Boating Law - This is a US term, which essentially means the same as 'admiralty law', although it is often used to describe smaller level admiralty law (yacht fees, radio requirements etc.).

Carriage of Goods Law - This specifically relates to the law of moving cargo. It is not restricted to marine cargo (unless referred to as 'Carriage of Goods by Sea Law') and will cover goods being moved by sea, road, rail, air and multimodal (by more than one means).   

Law of the Sea - This is an area of public international law (deals with relationships between countries, rather than private people or companies).

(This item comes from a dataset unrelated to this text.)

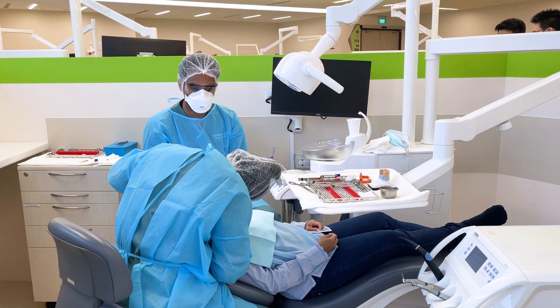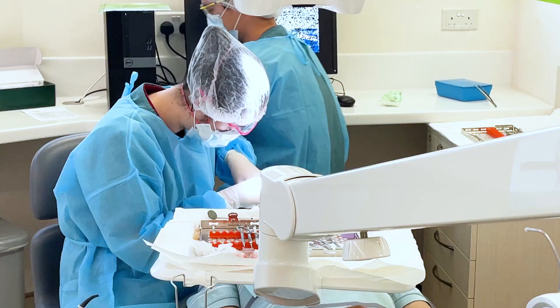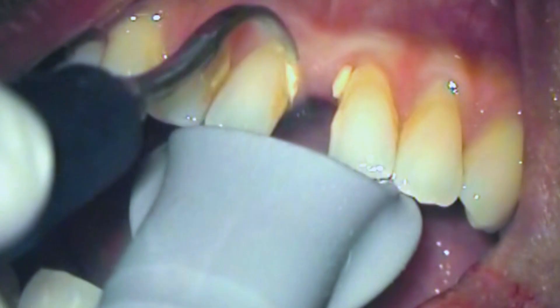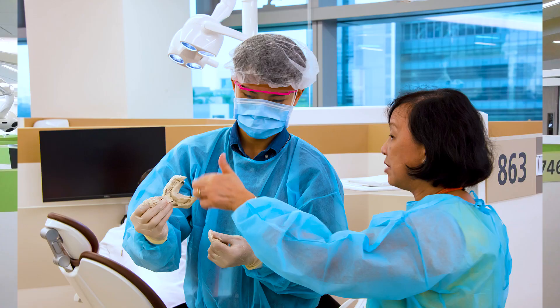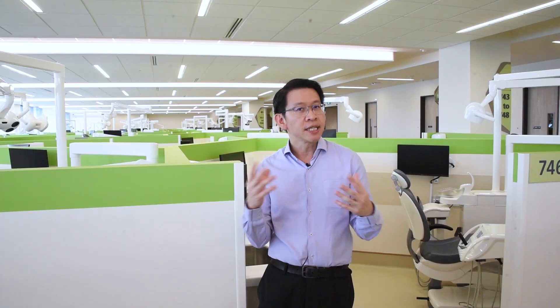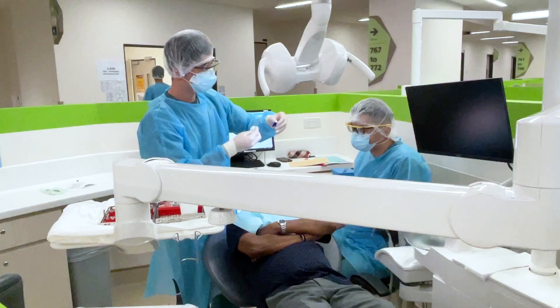This is the undergraduate clinic where our third as well as final year students will spend a good part of their time in the second half of the BDS program. They are trained in a whole array of different procedures in relation to general dentistry — including fillings, extractions, cleaning of the gums, dentures, crowns, bridges, as well as root canal treatment. The aim is to holistically train our graduates so that when they graduate, they are able to deliver a broad range of dental procedures.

It provides rules on sea borders, pollution, ownership of natural resources at sea etc. The United Nations Convention on the Law of the Sea (UNCLOS) provides much of the law in this area. 

Marine Law - This is perhaps the most broad of the terms and encompasses all law related to the sea or waterways. It would cover international agreements on sea borders, laws on fishing quotas and the law governing transport of goods or the operation of ships (i.e. it is a catch-all term for Law of the Sea and Maritime Law).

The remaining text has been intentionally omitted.